Zie ook: Belforten
Belfort even belangrijk als piramideDoor A. J. Diepenbroek De definitieve beslissing viel op 1 december vorig jaar. Het Comité van het Werelderfgoed van de Unesco besloot toen in het Marokkaanse Marrakesh de Vlaamse belforten aan de prestigieuze ranglijst van werelderfgoed toe te voegen. Die lijst verleent erkenning en bescherming aan wereldberoemd cultuurerfgoed zoals de piramides van Gizeh, de Akropolis in Athene en de Chinese Muur.
Het is vier uur in de middag in het oude centrum van Kortrijk.
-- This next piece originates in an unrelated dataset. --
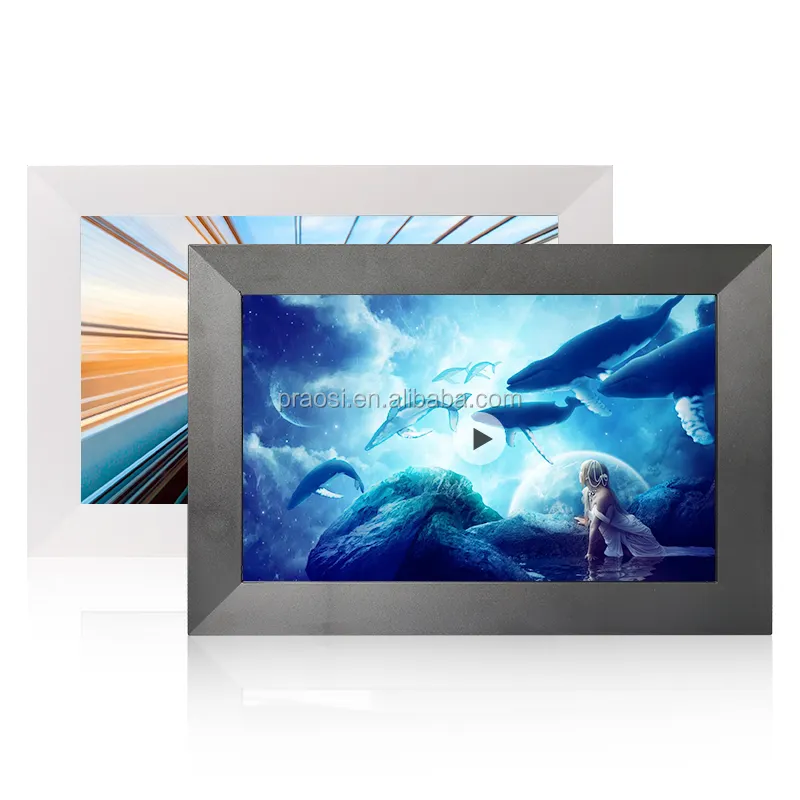 Pros Digital Picture Frame 10 inch WiFi 16GB Cloud Photo Frame IPS HD Touch Screen Share Photos or Videos via APP Auto-Rotate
De ondergaande winterzon werpt een goudgele glans op de daken en kerktorens van de stad. Op het centrale plein, dat de Vlaamse steden kenmerkt, spreekt een sinterklaas met een zuidelijk accent een paar moeders met kleine kinderen aan. Boven aan de toren van het belfort heft Manten zijn gouden hamer nadat de beiaard een vrolijke 5-decembermelodie heeft laten klinken. Het gouden mannetje slaat vier keer op de grote klok. Een oma kijkt op haar horloge en knikt bevestigend: Manten is precies op tijd.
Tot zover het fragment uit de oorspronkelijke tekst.